前に書いたようなサーヴィスでは、家でお茶を飲む方がうんと気持ちがいい。
(家のサーヴィスがもっと悪い方には申し訳ない。)
こんなままでは客離れは著しいと思った経営者が、どんなお客様にも最高のサーヴィスを出来るようにと、マニュアルを作った。
サーヴィス業専用人間の促成栽培である。

確かにマニュアル(手引き書)は確かに便利である。
実は僕もCOFFEE SHOPを経営したとき、マニュアルを大いに利用した。
COFFEEメニューを作るマニュアル。
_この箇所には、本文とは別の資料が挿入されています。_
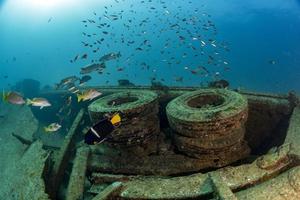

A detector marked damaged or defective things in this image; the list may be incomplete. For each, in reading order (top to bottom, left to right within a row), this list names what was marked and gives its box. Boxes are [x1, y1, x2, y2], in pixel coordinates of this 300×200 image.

corroded machinery [13, 86, 300, 200]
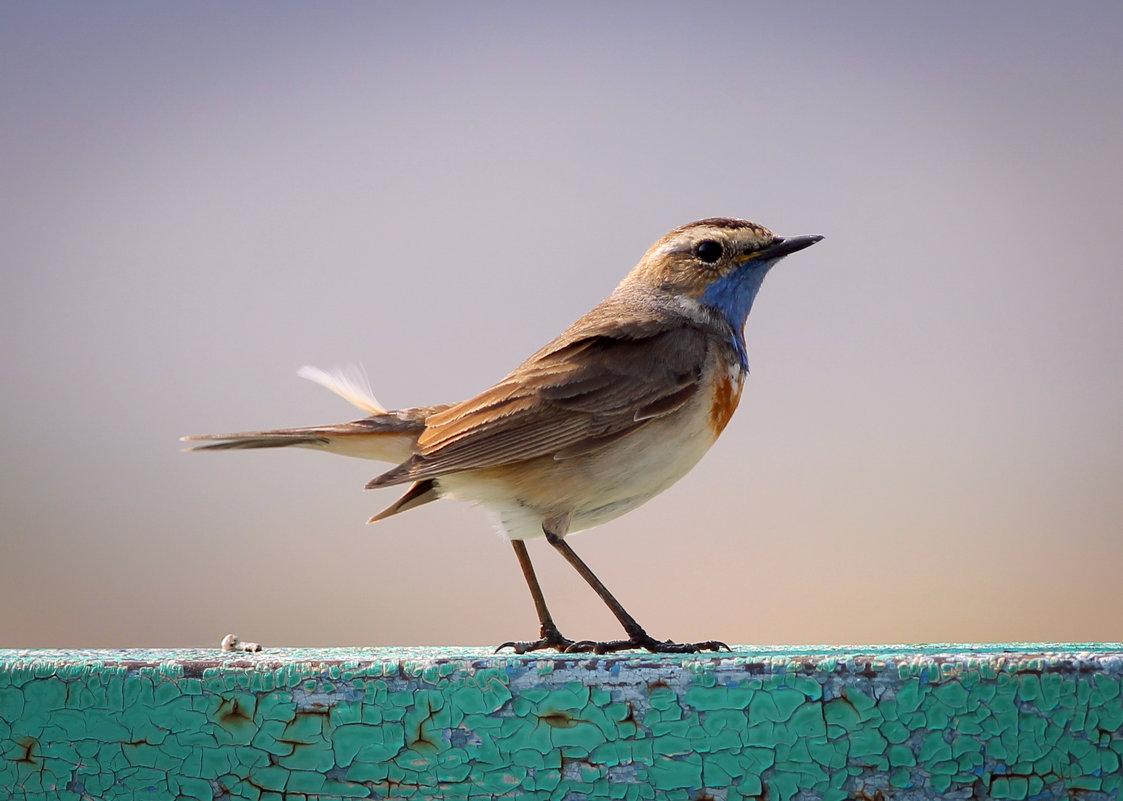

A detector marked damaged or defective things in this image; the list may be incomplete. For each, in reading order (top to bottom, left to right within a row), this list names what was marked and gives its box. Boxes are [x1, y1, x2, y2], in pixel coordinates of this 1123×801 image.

peeling paint [0, 648, 1112, 796]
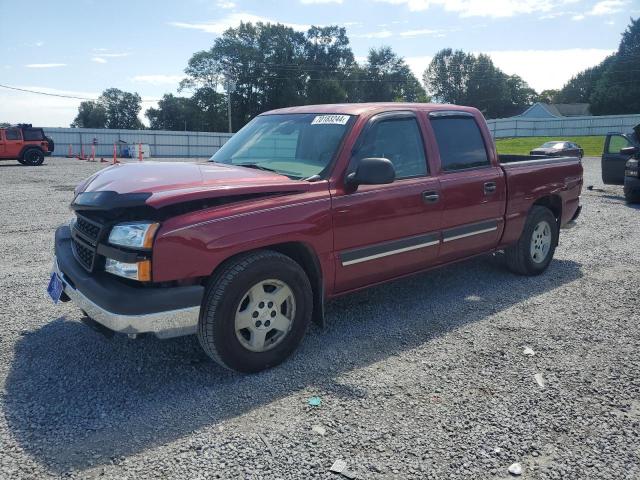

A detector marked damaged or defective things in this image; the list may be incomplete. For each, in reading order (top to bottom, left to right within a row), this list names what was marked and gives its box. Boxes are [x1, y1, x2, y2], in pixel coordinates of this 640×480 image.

minor body damage [48, 103, 580, 374]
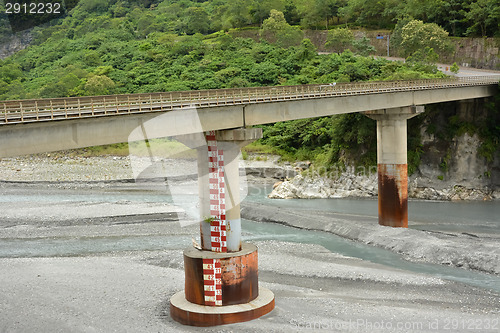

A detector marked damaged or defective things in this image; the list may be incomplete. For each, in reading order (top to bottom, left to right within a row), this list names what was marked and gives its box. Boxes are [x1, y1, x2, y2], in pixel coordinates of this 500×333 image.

rusty gauge base [171, 243, 276, 326]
接客マニュアル。
開店当初は、従業員やアルバイトでも
『COFFEE SHOPで働くんだ!』
みたいな意識があったので、マニュアルは大いに役立った。
何年かしてやって来たアルバイトに驚かされるまでは。
私立D女子大学に通っているというアルバイトの女の子に
「ゆで卵の皮を剥いて置いておいて下さい。」
とお願いした。
随分長時間格闘していたので様子を見ると、彼女は指先から血を流しながら泣きそうになってゆで卵を剥いていた。
ゆで卵の剥き方を知らないのだ!指と爪の間に殻を突き刺して血を流している。
この子には早速お引き取り願った。僕の評は
「親が教えていないにも程がある!(怒)」
だった。
可哀想だがその子にとってCOFFEE SHOPは地獄であっただろう。
こんな人にはマニュアルは役立たない。基本が出来た上でマニュアルは役立つのだ。
その後も、ゆで卵はどこかで買ってくるものと思っていた人。救急車を呼ぶ電話番号を知らなかった人。次々とお引き取り願った。
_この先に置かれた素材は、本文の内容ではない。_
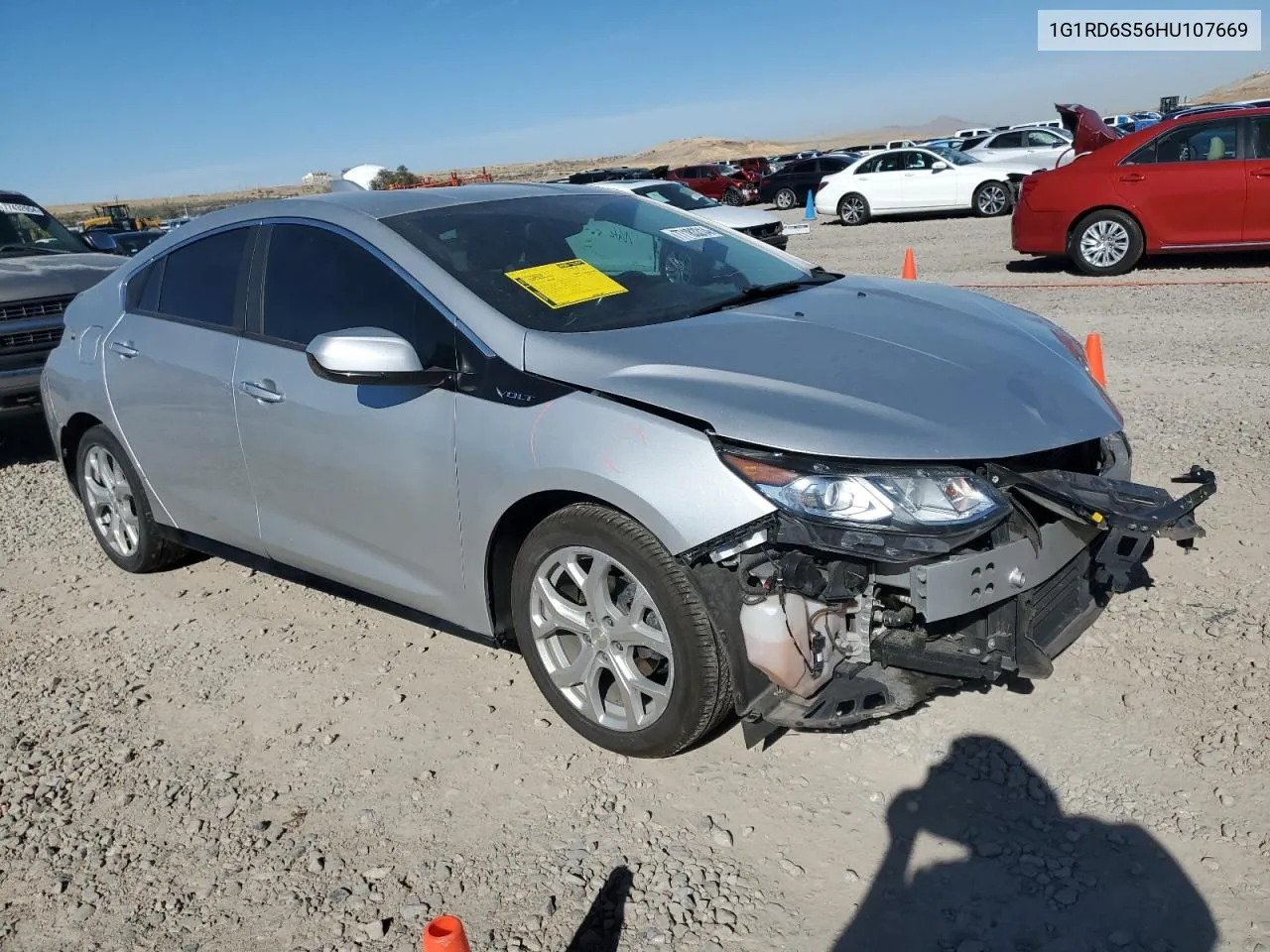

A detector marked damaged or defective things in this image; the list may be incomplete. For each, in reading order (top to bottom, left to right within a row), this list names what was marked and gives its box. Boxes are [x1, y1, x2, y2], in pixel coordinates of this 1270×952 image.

damaged front end [681, 436, 1213, 751]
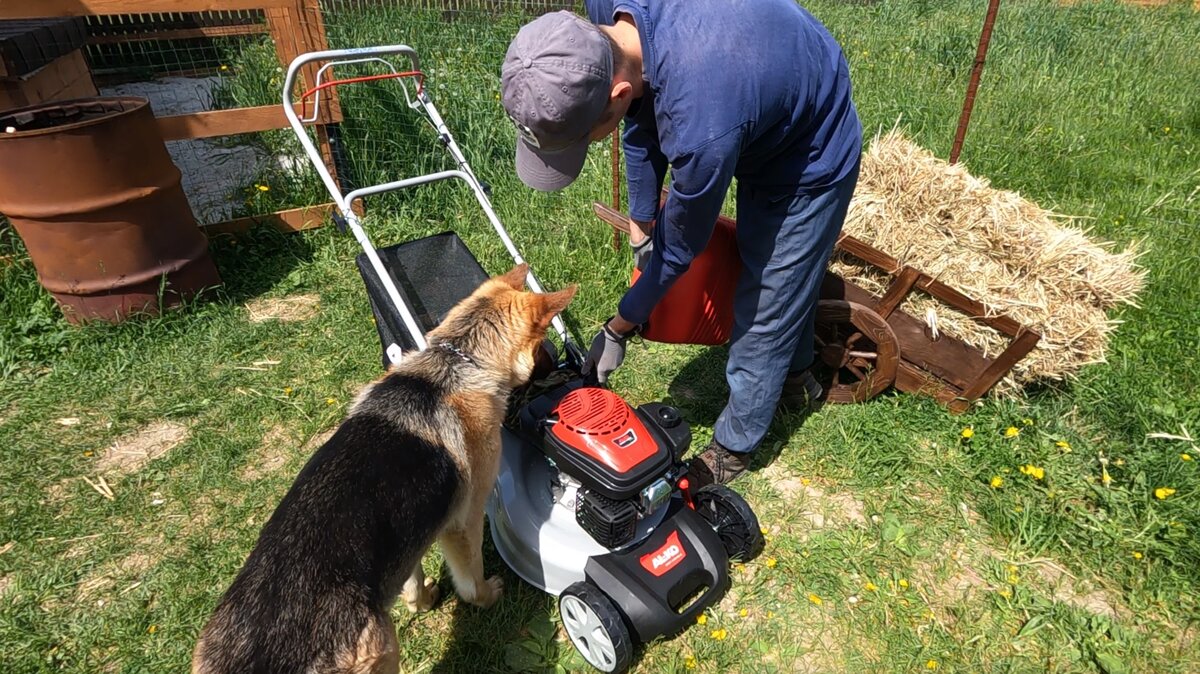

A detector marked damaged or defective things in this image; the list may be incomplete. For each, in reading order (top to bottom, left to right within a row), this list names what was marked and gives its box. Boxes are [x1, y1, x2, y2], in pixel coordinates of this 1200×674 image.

rusty metal stake [950, 0, 998, 164]
rusty metal barrel [0, 96, 220, 323]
今の世の中、サーヴィスが本当に良くなったのだろうか。
基本が出来ている人間なら、マニュアルが言わんとする事を理解する事も出来よう。
しかし、サーヴィス業に従事する人間全てがそうだとは思わない。
表面だけ良く出来ていたり、基本がないのにマニュアルを上手くこなす人間が多くいるだろう。
なにより問題はそんな人たちが出世して、下の人間を教えていると言う事だ。
まともなサーヴィスが末端の人間まで伝わるはずがない。

コンビニエンスストアのレジで間違った言葉遣いに腹立たしく想っている人は、少なくともマニュアル世代ではないだろう。
携帯電話の機能が使い切れずに困っている方が、マニュアルに沿って使った結果、高額を請求されるより良いと思う。
そんな我々には、これからどれほどおかしな文化が生まれてくるのかが大きな悩みの種である。
もうそろそろみんなが気付かなくてはならない時期なのではないだろうか。

ところがサーヴィス業にとどまらず、マニュアル化されている事が、この国には多すぎる。政治、経済、交通、警察、音楽も含め様々様々・・・。

挙げ句の果ては
『愛する気持。』
までマニュアル化しようとしている。